The imminent publication of "The Inquiry" was probably a major reason for Kuprin's resignation from the army service in the summer of 1894. "There can be no doubt that the appearance of such a work, written by an officer and signed with his full name, would have had unpleasant consequences for him," the Kuprin scholar Nicholas Luker argued. According to the latter, "The Inquiry is central to Kuprin's development because in Kozlovsky it presents the first in a succession of sensitive young officers at odds with their fellows and painfully aware of the injustice prevalent in the army. That type is continued in figures like Yakhontov of "Pokhod" (The March, 1901), and exemplified by Romashov of The Duel."

==Plot==
Kozlovsky, a young lieutenant in a provincial garrison, is ordered to conduct an inquiry into the theft of a pair of boot tops and thirty-seven kopecks, of which the Tatar Baiguzin is the only suspect. Appealing to the soldier's filial feelings, he extracts a confession from him and as a result the latter is sentenced to a hundred strokes of the birch. Kozlovsky realizes the absurdity of the act: the Tatar boy can barely understand Russian, his confession sounded as if he mechanically repeated the accusations.
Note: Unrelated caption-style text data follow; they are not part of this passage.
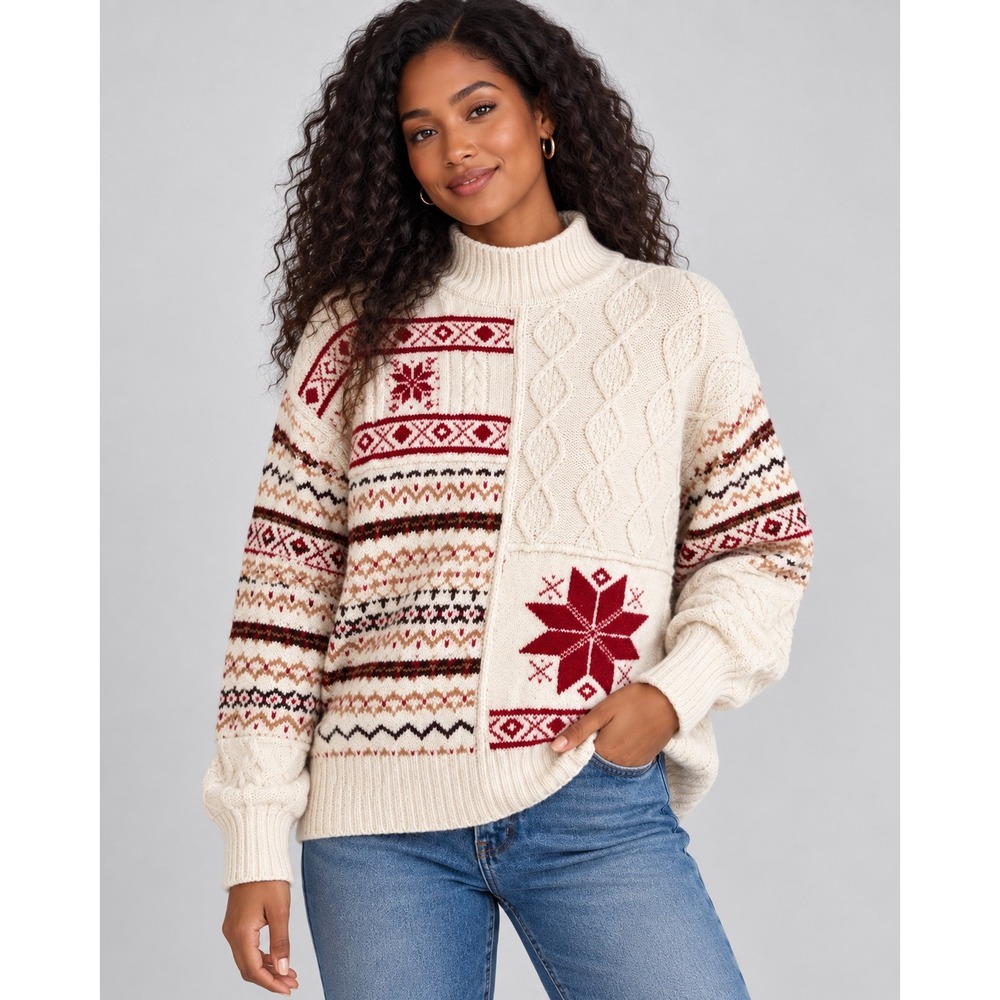 American Eagle Patchwork Fair Isle Cable Knit Mock Neck Sweater Cream Red Small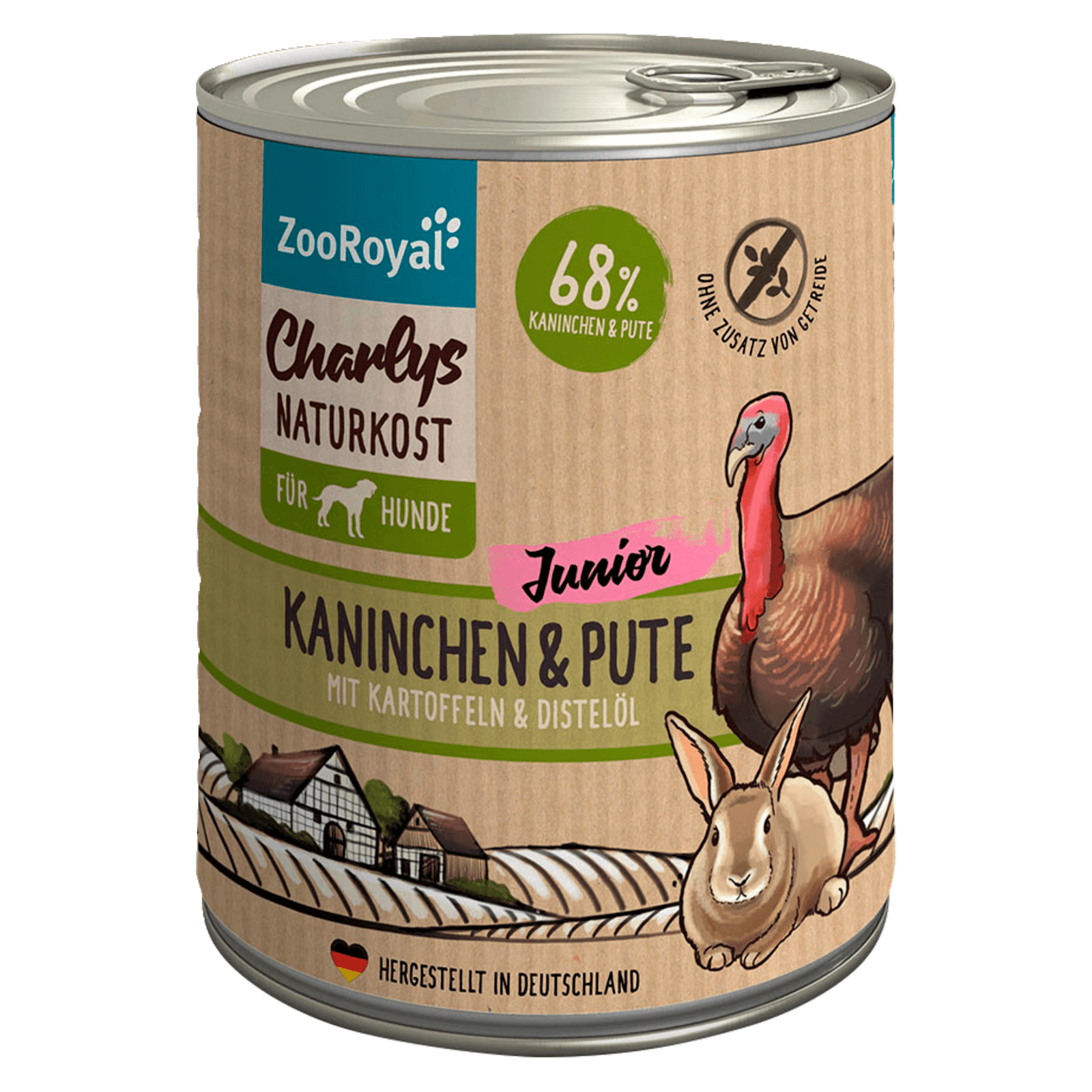 ZooRoyal Charlys Naturkost Junior Kanninchen & Pute 800g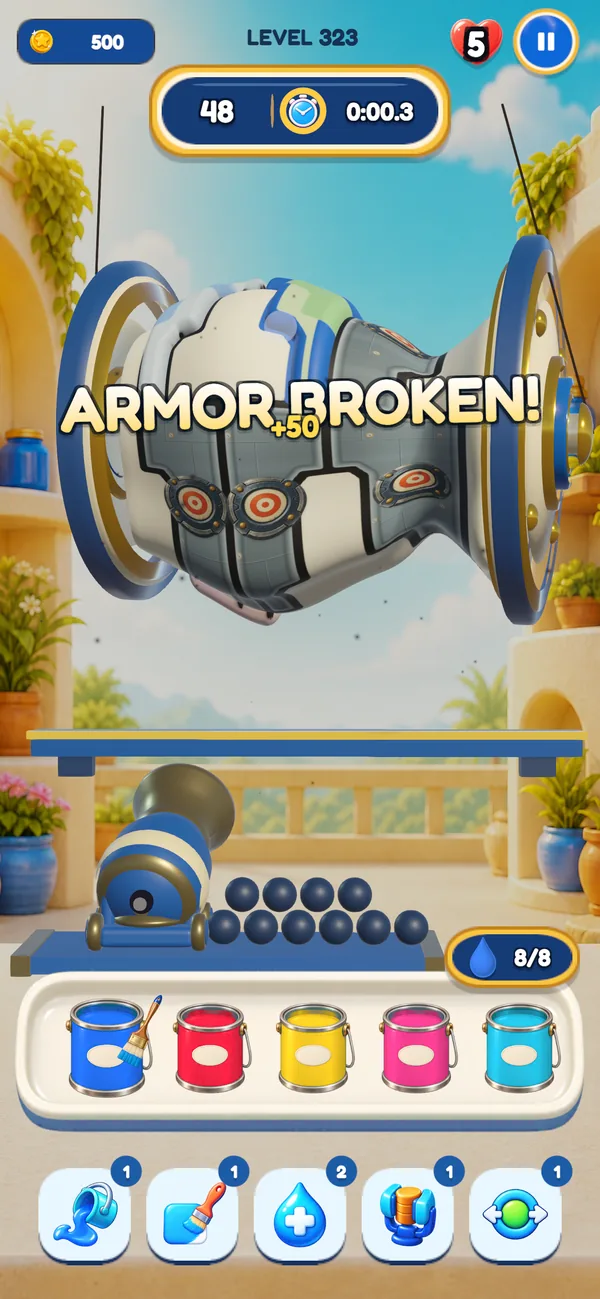 An Armor Broken banner over a Chromaroll drum shedding its plates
Kozlovsky is horrified by the flogging and appalled at his fellow officers' indifference to what he considers a travesty of justice. Having unwillingly established an irrational spiritual bond with this pathetic childlike creature, he suddenly sees the horrors of the army though Baiguzin's eyes and is now tormented by feelings of guilt. He feels like both a victim to the same indifferent system that sentenced Baiguzin to the rod, and, in a way, an executioner, who had tricked the hapless soldier into somewhat unconvincing 'confession' of totally ridiculous 'crime'.